Teacher Services Cloud - Disaster Recovery testing
This document covers the Disaster Recovery testing procedure for applications hosted on the Teacher Services AKS clusters based on scenarios detailed in the Disaster recovery document.
Prerequisites
- Identified environment for the test e.g. qa, staging, test, etc
- Identified scenario(s) that are to be tested
- Repository workflows that should utilise existing DFE github-actions
- Deploy selected env
- Backup postgres database to Azure storage [required for scenario 1 above]
- Recover deleted postgres database server [required for scenario 1 above]
- Restore database from Azure storage [required for scenario 1 above]
- Restore database from point in time to new database server [required for scenario 2 above]
- Repo workflows to enable and disable the maintenance page.
- see https://github.com/DFE-Digital/teacher-services-cloud/blob/main/documentation/maintenance-page.md
- confirm workflows exists for the selected environment to be tested. Examples:
- an app url that identifies the current docker image sha. Can be part of the healthcheck e.g. https://github.com/sdglhm/okcomputer/blob/master/lib/ok_computer/built_in_checks/app_version_check.rb
- Identify the technical and non technical stakeholders who will participate in the test, based on the Teacher services list
Documentation requirements
Copy the template DR testing document which will be a record of the scenarios run, time taken, and any issues.
Initial set-up
Participants must have access to Github and the repositories.
Schedule virtual meeting for the test to take place
- teams or slack
- invite the relevant stakeholders
Regularly provide updates on the service Slack channel to keep product owners abreast of developments.
Scenario 1: Loss of database instance
See DR scenario 1.
Delete the postgres database instance
Note that you must have a previously created backup on azure storage before starting this step.
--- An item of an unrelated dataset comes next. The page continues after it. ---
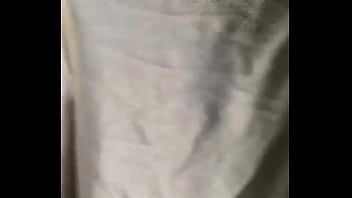 Preview 4 of Cute Booty American Ladies - Verification video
If not, create one now before continuing.
- Delete the existing postgres database
- manually delete via UI https://portal.azure.com/#browse/Microsoft.DBforPostgreSQL%2FflexibleServers
- Confirm it's deleted
Follow the disaster recovery instructions.
Scenario 2: Loss of data
See DR scenario 2.
Delete data from the postgres database instance
Make a note of the time this step is being started as the restore point must be before you delete any data.
- Delete a table manually
- connect via konduit and delete the table
- it must be possible to confirm the data has been deleted either within the app, by errors messages being logged, the app crashing or users observing inconsistent content.
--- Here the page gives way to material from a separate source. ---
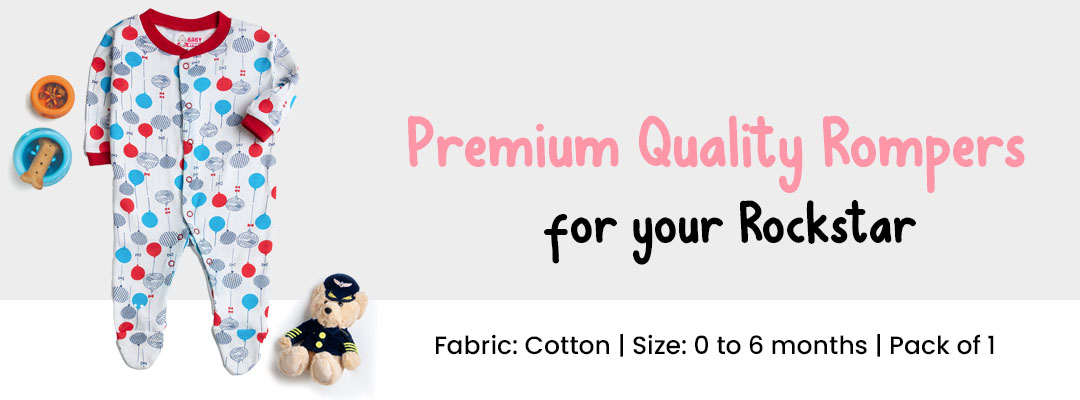 buy newborn jumpsuits online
Follow the disaster recovery instructions.
Post scenario steps
Documentation requirements
- Complete the DR testing document and save in the DR test Reports folder
- Update the service on the infra team sharepoint service list with the DR date and status (success/fail)
Post DR test review
- Review the just completed DR test, and raise trello cards for any process improvements.
- Review the contact list in the Teacher services list